Exercise details: Every line from the one with "9322 W Loomis ROAD #5, Franklin, WI 53132" to the final line of the records should be printed exactly as it is, with pictures left out.
* * *
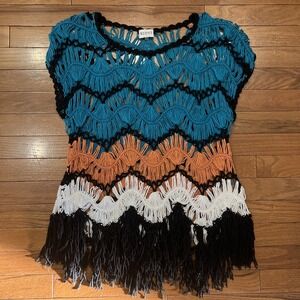 Sioni Studio Crochet Fringe Sweater Top S/M Boho Western Festival Beach Cover Up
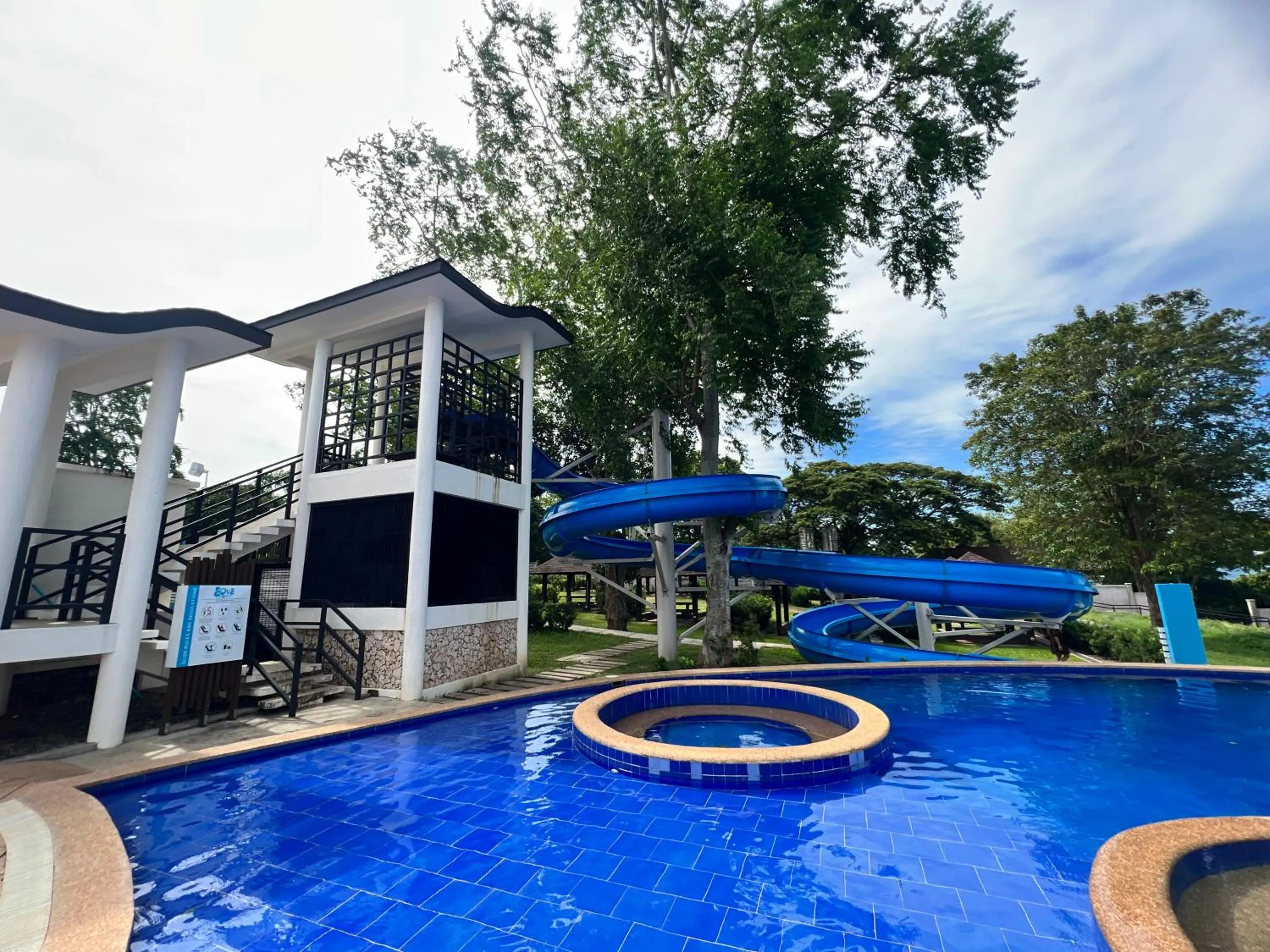 Pool view in Crusoe Cabins Costa Azalea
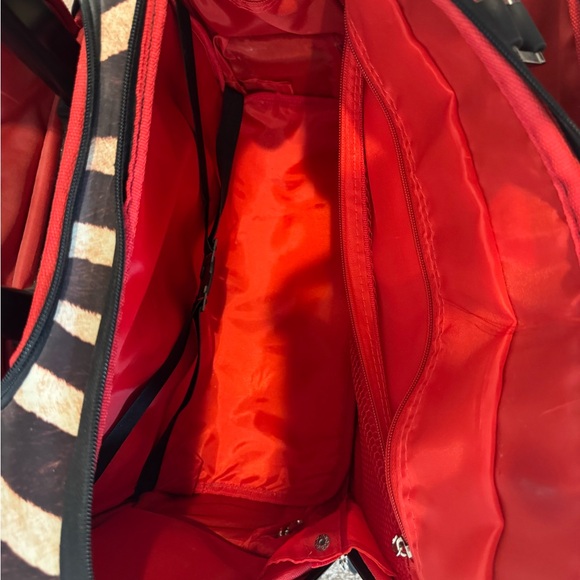 Brown and Cream Rolling Travel Bag - Picture 6 of 16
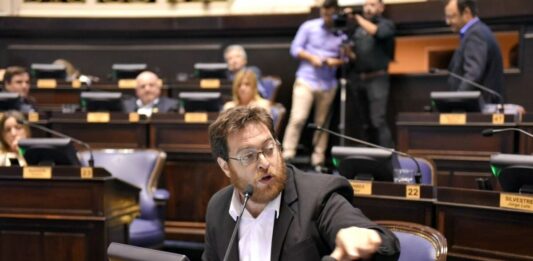 Diputados bonaerenses del FIT-U presentaron proyectos relacionados a esclarecer los gastos efectuados por Chocolate Rigau y Martín Insaurralde.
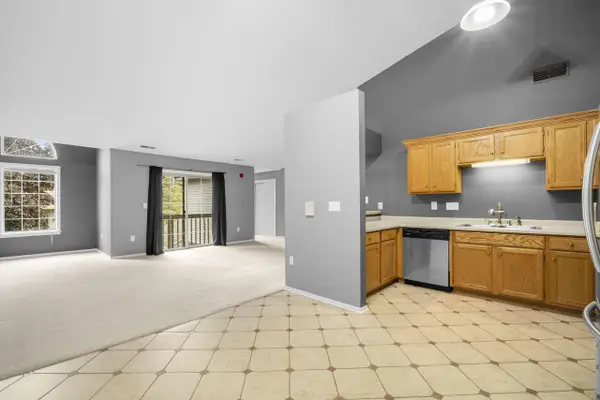 9322 W Loomis ROAD #5, Franklin, WI 53132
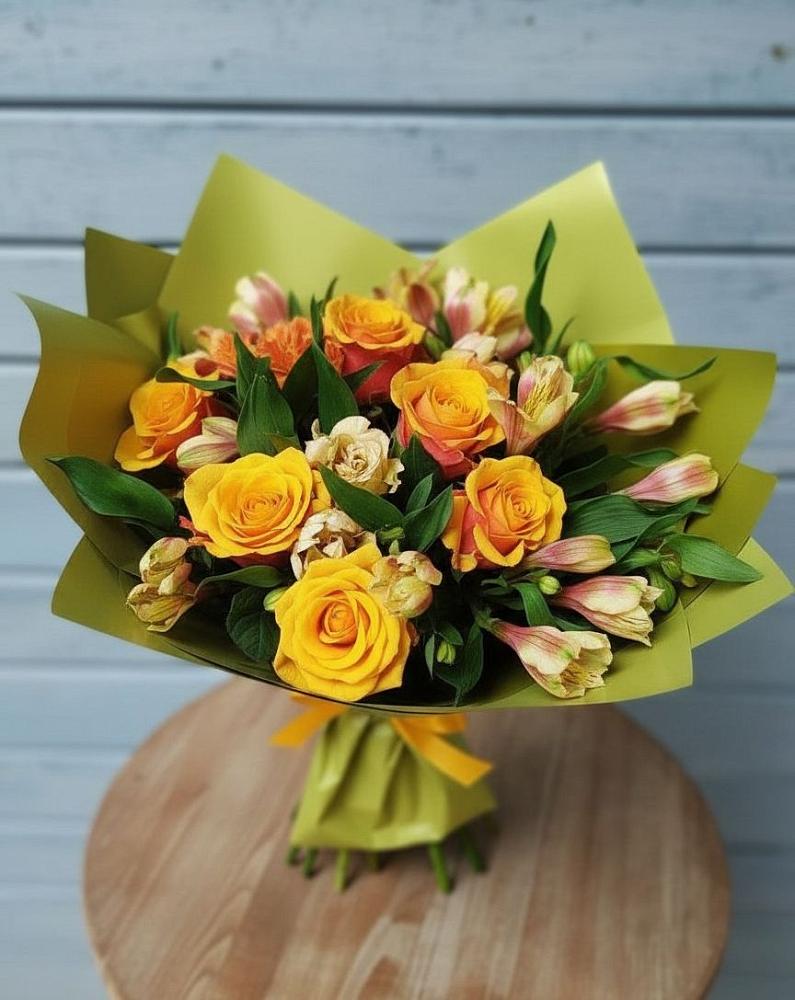 Букет цветов из: Альстромерии и Розы в Савинский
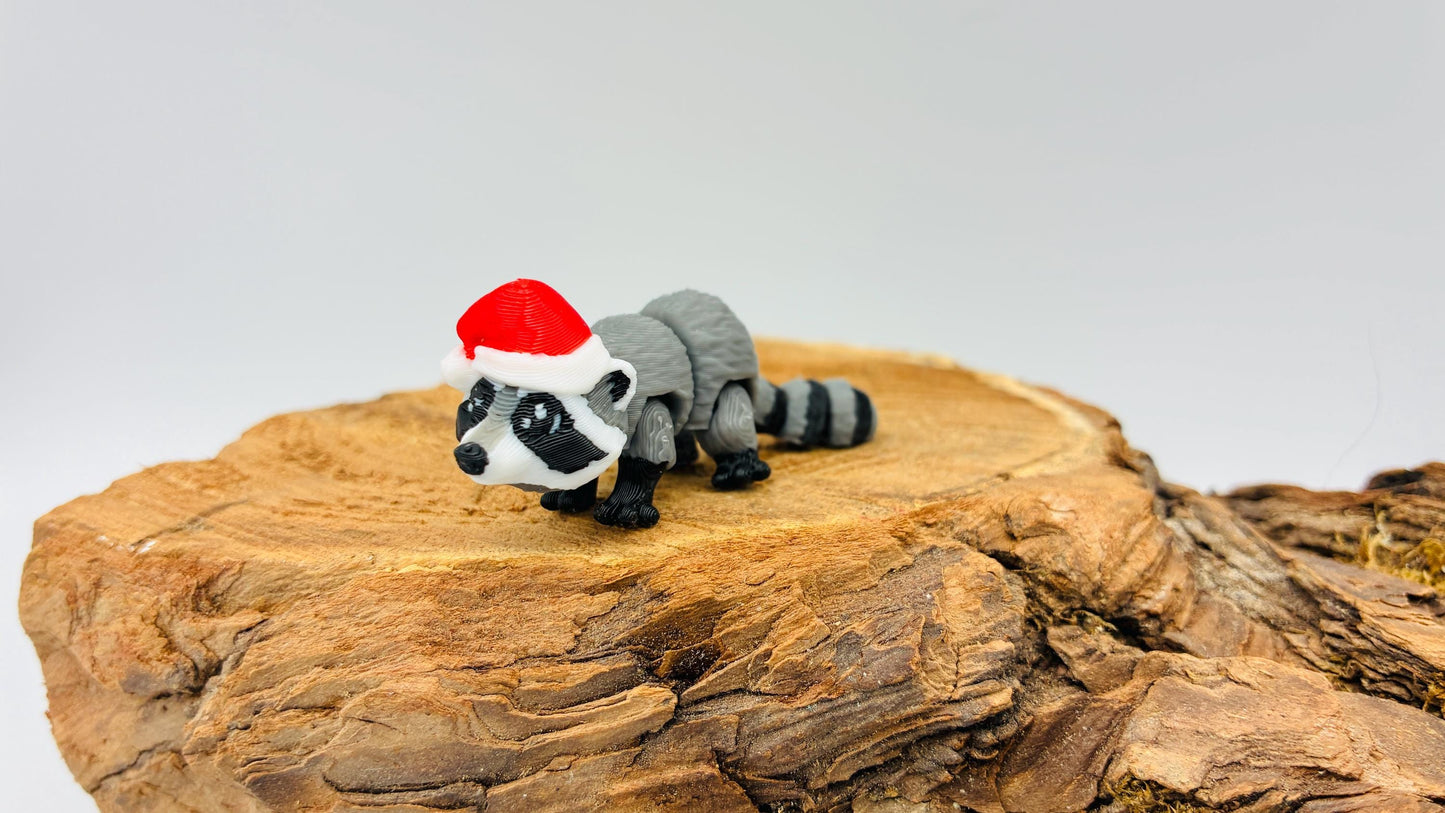 3D-gedruckter beweglicher Waschbär mit Weihnachtsmütze – auch als Schlüsselanhänger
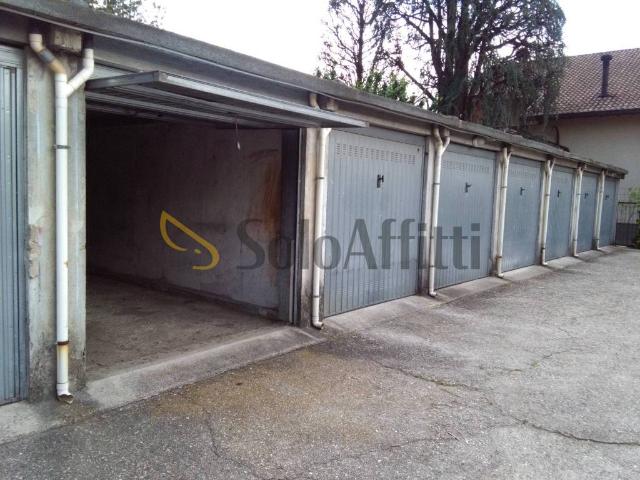 Box in affitto a San Carlo, Seregno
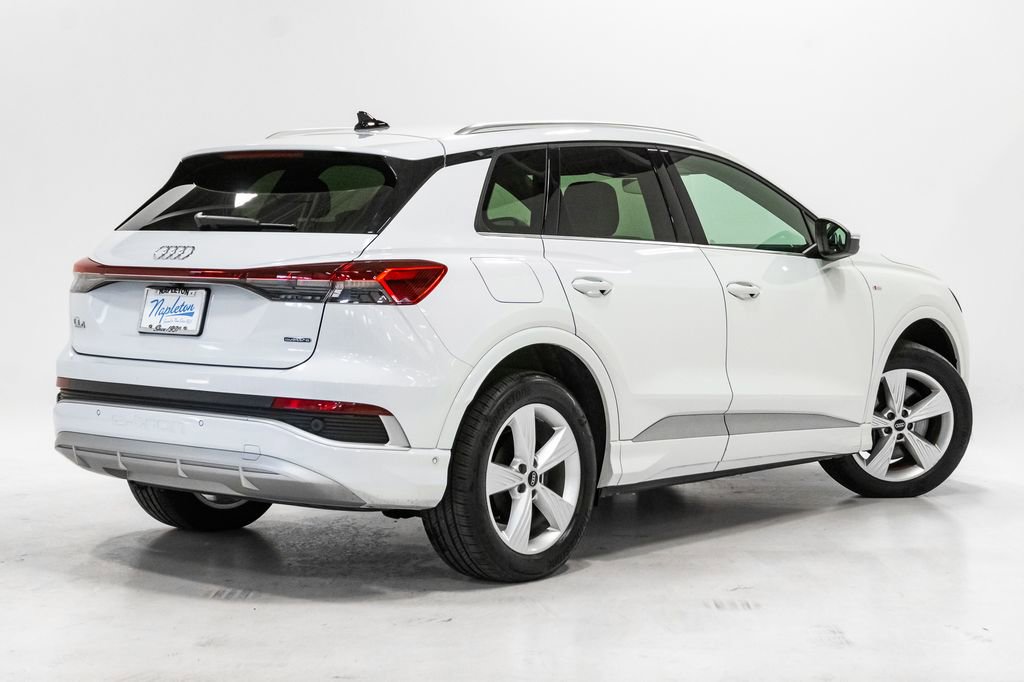 Used 2024 Audi Q4 e-tron Prestige AWD/4WD image 34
* * *
Finished exercise:
 9322 W Loomis ROAD #5, Franklin, WI 53132
 Букет цветов из: Альстромерии и Розы в Савинский
 3D-gedruckter beweglicher Waschbär mit Weihnachtsmütze – auch als Schlüsselanhänger
 Box in affitto a San Carlo, Seregno
 Used 2024 Audi Q4 e-tron Prestige AWD/4WD image 34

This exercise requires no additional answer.